O diretor afirma que até agora, quase um mês após o rompimento da barragem, a Vale ainda não ofereceu uma lista identificando os trabalhadores terceirizados e para qual empresa eles atuavam.
“Nós fizemos um levantamento e identificamos que, dos trabalhadores que estavam na planta industrial na hora do rompimento, 700 eram próprios da Vale e pelo menos 500 eram terceirizados. Existem mais de 130 trabalhadores desaparecidos que não estão identificados, podem ser terceirizados, MEI, menor aprendiz, estagiários ou pessoas jurídicas. A Vale alega que os servidores com esses dados foram perdidos, mas sabemos que uma empresa desse tamanho tem esses dados armazenados dados na nuvem”, denunciou.
A pedido do movimento unificado dos sindicatos atingidos pela Vale a justiça estabeleceu que a empresa tem até esta sexta-feira para apresentar o registro geral dos trabalhadores presentes na mina no dia do rompimento.
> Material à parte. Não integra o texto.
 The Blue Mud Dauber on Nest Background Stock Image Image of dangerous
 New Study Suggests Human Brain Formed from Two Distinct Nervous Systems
Quais as demandas unificadas que serão apresentadas na segunda audiência com a Vale no MPT?
Nós unificamos as pautas do pedido de indenização por danos morais e materiais. No dia 15 de fevereiro realizamos a primeira audiência junto ao MPT, na qual recusamos a proposta da Vale. No entanto, a empresa continua apresentando a mesma proposta como se ela não tivesse sido recusada.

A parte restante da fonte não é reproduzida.